__Source information__:
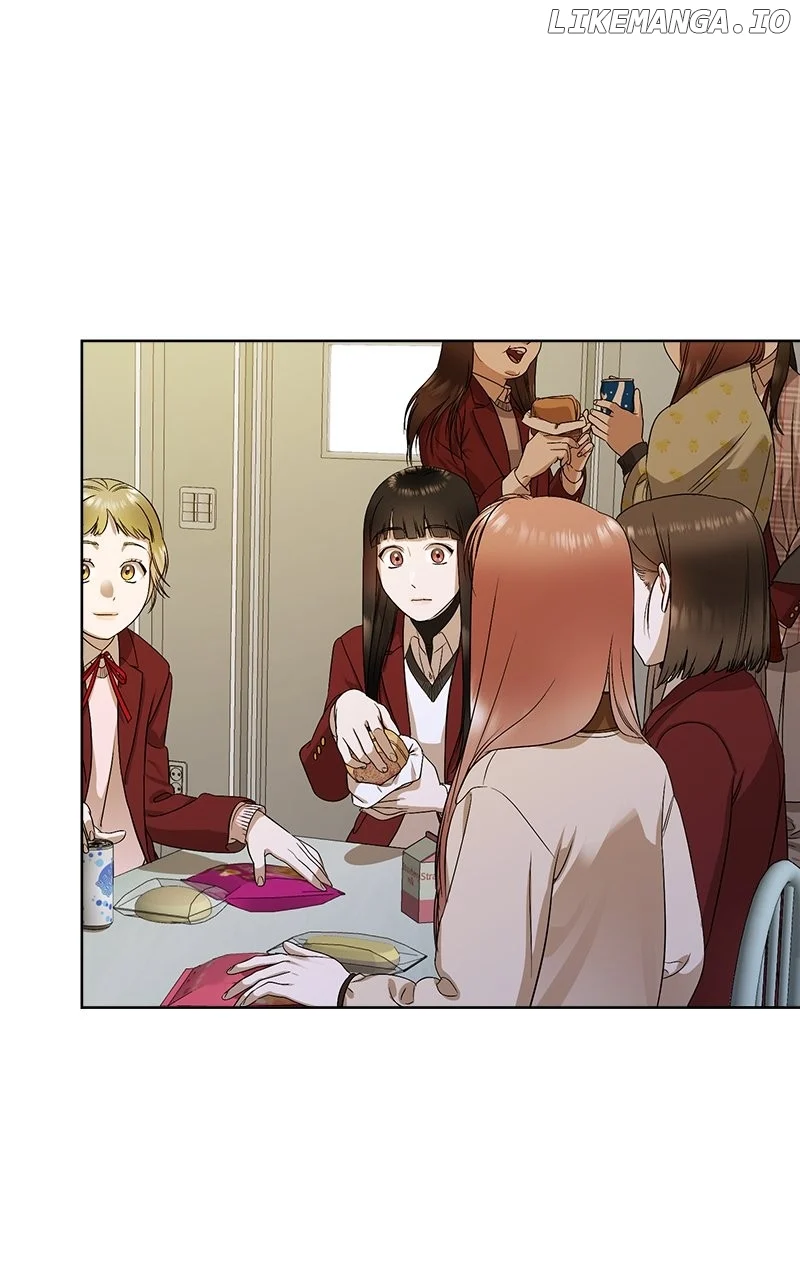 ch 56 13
==
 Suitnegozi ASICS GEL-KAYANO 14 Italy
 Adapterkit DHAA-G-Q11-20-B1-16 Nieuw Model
==
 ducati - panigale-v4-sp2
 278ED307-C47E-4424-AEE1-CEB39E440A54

__Aim of the task__:
Please transcribe exactly the lines above from the line that has "ducati - panigale-v4-sp2" up to and including the line that has "278ED307-C47E-4424-AEE1-CEB39E440A54"; no other line belongs in the answer.

__Output of the exercise__:
 ducati - panigale-v4-sp2
 278ED307-C47E-4424-AEE1-CEB39E440A54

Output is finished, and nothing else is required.